So findet sich heute in den Verwaltungsvorschriften zu den Förderprogrammen zunehmend die Möglichkeit Verkehrswege der Straßenbahnen in Teilbereichen straßenbündig zu führen. „Um die Beschleunigung des Schienenverkehrs zu gewährleisten, muss der Vorrang von schienengebundenen Verkehrswegen beispielsweise unter Zuhilfenahme anderer (telematischer) Lösungen, gewährleistet werden.“ schreibt das Ministerium für Verkehr BadenWürttemberg1).

3 Durchführung eines Sicherheitsaudits

Eine Vorgabe in manchen Bundesländern ist mittlerweile die Durchführung eines Sicherheitsaudits und die Heilung oder Begründung der im Audit genannten Punkte. Dies ist kein grundsätzlicher oder gestalterischer Eingriff in die Planungen wie im Abschnitt 2 dargestellt – er dient zur Sicherstellung einer hohen auf alle Belange abgestimmten Qualität der Planung und dem späteren Betrieb.

4 Klimaschutz

Der Bund hat als Ziel für das Erreichen der Klimaneutralität im Bundesklimaschutzgesetz das Jahr 2045 festgelegt, festgehalten auch in der Novelle des Jahres 2024. Zum Erreichen der Zwischenziele und des Ziels im Jahr 2045 sind im Verkehrsbereich enorme Anstrengungen erforderlich.

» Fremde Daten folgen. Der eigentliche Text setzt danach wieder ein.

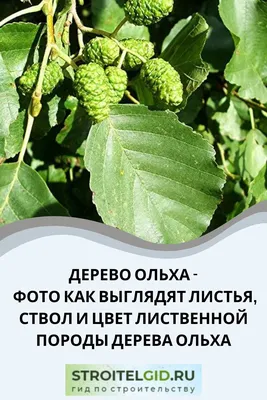 Дерево ольха (70 фото): как выглядит, где растет, чем отличается от других  деревьев. Описание текстуры, свойств, характеристик, плюсов и минусов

In Bezug auf den Klimaschutz gibt es viele Absichtserklärungen, verstärkend immer wieder vom Ziel 2045 abweichende frühere Landesund kommunale Ziele. Das Land Rheinland-Pfalz etwa definiert im aktuell in Abstimmung befindlichen Landesklimaschutzgesetz das Zieljahr 2040 zur Erreichung der Klimaneutralität. Ein europaweites Städtenetz hat das Jahr 2030 zur Erreichung der Klimaneutralität festgelegt – in Deutschland sind etwa die Städte Mannheim und Heidelberg ausgesucht worden. Die Stadt Heidelberg schreibt hierzu im April 2022:

„Heidelberg ist eine von 112 Städten, die die Europäische Union (EU) am Donnerstag, 28. April 2022, als Modellstadt für Klimaneutralität ausgewählt hat. Das Ziel: 100 Kommunen aus der EU und zwölf Kommunen aus assoziierten Ländern sollen bis 2030 klimaneutral werden und ihre Erfahrungen an andere Städte und Gemeinden weitergeben. Dafür stellt die EU insgesamt 117 Millionen Euro im Rahmen ihrer Mission „Klimaneutrale und smarte Städte“ für konkrete Klimaschutz-Maßnahmen zur Verfügung“.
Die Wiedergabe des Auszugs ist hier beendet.